▶ Exercise details
For the material below, return exactly the lines starting at the line containing "Chique glitter roze" and ending at the line containing "Oranje Tabby Kitten", both ends included, and no others.

▶ Given entries
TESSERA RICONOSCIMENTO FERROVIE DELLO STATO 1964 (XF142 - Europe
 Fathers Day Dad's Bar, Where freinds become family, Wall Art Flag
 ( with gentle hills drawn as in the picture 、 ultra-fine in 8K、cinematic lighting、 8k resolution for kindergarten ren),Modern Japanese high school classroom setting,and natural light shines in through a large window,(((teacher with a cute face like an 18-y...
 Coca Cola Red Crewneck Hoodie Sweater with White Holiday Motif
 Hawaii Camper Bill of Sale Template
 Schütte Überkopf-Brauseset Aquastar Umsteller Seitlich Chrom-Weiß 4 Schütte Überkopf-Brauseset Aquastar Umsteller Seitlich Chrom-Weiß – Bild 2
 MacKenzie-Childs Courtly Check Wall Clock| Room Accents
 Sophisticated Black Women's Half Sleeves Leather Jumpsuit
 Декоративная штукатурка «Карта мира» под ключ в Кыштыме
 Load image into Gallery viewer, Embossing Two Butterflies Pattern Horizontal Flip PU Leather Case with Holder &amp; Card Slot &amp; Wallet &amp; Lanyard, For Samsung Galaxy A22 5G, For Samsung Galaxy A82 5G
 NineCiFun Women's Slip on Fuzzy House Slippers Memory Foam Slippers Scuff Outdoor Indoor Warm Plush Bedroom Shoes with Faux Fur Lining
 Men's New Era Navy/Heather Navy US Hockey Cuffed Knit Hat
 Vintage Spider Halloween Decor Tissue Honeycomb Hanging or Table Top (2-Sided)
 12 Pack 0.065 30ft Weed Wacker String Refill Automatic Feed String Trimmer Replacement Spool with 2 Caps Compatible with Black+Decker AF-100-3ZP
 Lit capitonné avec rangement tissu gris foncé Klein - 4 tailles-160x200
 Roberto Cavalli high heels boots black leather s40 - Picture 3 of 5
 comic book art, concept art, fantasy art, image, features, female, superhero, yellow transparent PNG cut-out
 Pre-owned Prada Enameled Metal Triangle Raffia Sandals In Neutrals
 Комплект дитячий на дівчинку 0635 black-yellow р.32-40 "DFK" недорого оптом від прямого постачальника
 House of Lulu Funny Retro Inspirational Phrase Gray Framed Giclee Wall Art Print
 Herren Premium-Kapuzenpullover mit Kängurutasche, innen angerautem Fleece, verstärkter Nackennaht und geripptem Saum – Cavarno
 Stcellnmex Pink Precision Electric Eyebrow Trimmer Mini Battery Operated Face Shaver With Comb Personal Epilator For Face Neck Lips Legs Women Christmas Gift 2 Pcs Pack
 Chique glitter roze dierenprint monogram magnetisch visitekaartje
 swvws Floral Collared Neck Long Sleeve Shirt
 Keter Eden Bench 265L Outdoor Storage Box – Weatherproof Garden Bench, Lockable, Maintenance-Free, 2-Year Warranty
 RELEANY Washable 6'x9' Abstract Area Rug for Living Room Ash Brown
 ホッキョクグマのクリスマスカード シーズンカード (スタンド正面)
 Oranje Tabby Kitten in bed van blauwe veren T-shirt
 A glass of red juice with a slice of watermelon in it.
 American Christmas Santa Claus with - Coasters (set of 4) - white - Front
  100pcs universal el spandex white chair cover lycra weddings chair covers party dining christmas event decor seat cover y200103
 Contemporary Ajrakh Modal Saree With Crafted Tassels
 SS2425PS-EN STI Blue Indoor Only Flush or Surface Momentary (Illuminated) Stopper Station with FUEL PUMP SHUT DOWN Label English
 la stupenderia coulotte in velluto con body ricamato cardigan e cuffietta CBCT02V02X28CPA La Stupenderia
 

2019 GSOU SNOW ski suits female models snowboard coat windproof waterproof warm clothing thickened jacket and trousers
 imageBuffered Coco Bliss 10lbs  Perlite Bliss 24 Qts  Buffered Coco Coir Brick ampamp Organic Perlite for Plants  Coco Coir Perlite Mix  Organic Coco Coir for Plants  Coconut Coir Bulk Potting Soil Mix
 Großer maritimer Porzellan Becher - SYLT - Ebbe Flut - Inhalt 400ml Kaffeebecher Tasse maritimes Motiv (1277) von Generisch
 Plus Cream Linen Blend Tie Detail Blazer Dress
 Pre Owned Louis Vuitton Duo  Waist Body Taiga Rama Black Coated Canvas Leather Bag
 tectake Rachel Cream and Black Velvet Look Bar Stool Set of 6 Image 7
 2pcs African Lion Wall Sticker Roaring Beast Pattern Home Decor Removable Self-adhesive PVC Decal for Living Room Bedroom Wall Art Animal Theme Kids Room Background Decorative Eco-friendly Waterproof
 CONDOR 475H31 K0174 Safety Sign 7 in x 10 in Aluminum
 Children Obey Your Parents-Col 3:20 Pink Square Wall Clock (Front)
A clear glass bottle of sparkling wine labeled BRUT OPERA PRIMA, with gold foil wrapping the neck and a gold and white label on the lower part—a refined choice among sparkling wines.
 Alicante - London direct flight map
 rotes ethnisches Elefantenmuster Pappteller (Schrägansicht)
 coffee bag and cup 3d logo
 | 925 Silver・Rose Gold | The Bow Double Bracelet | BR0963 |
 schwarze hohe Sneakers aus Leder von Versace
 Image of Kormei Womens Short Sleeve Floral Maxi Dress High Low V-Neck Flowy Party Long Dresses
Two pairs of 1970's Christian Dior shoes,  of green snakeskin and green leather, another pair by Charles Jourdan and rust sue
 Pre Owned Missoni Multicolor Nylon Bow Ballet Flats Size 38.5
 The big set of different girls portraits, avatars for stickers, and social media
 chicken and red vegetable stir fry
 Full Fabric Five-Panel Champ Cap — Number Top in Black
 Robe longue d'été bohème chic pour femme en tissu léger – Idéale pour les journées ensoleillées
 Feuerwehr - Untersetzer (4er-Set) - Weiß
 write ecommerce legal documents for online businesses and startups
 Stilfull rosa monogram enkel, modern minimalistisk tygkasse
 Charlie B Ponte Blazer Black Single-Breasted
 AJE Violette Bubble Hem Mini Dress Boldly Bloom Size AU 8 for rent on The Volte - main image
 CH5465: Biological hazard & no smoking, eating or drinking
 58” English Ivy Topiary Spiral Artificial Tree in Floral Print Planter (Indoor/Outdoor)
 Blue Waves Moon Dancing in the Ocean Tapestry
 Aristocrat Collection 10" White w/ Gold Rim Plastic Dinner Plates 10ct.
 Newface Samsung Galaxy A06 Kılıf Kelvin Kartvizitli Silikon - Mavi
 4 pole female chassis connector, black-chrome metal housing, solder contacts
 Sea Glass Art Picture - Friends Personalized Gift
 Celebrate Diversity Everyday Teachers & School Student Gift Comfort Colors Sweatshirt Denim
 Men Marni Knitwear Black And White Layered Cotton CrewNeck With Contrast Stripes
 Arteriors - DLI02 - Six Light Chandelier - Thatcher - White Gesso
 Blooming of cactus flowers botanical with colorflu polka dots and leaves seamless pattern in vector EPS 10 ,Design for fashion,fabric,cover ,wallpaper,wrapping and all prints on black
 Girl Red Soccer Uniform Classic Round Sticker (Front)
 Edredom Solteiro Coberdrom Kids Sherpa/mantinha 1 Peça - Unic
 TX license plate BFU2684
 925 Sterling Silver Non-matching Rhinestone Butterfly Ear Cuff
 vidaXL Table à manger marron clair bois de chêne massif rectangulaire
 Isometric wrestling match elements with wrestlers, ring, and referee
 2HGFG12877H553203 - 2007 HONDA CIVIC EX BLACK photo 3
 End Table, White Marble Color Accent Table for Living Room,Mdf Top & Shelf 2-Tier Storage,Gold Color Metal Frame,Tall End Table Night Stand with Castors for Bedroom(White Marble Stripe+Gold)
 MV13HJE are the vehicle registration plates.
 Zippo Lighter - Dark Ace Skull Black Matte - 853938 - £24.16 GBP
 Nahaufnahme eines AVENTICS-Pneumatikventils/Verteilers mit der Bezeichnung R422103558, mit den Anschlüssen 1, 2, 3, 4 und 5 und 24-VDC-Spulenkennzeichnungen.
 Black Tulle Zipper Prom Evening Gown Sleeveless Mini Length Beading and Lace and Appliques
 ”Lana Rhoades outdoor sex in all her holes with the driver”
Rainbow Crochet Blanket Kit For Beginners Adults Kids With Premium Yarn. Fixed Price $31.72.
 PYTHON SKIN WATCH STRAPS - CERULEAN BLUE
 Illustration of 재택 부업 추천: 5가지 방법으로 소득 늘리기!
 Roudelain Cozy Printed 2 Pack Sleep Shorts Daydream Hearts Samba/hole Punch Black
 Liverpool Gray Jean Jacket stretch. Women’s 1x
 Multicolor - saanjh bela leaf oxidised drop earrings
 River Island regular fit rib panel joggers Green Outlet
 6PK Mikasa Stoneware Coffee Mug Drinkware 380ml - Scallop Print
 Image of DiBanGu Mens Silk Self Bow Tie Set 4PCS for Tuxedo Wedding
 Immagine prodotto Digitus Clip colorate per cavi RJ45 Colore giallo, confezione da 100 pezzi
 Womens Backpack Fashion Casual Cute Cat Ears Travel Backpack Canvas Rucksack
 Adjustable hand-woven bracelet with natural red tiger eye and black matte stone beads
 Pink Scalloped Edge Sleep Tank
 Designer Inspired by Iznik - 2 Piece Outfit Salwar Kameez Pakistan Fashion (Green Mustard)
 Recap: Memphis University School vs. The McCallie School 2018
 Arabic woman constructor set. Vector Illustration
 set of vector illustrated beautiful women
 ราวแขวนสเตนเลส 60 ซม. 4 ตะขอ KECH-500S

▶ Exercise solution
 Chique glitter roze dierenprint monogram magnetisch visitekaartje
 swvws Floral Collared Neck Long Sleeve Shirt
 Keter Eden Bench 265L Outdoor Storage Box – Weatherproof Garden Bench, Lockable, Maintenance-Free, 2-Year Warranty
 RELEANY Washable 6'x9' Abstract Area Rug for Living Room Ash Brown
 ホッキョクグマのクリスマスカード シーズンカード (スタンド正面)
 Oranje Tabby Kitten in bed van blauwe veren T-shirt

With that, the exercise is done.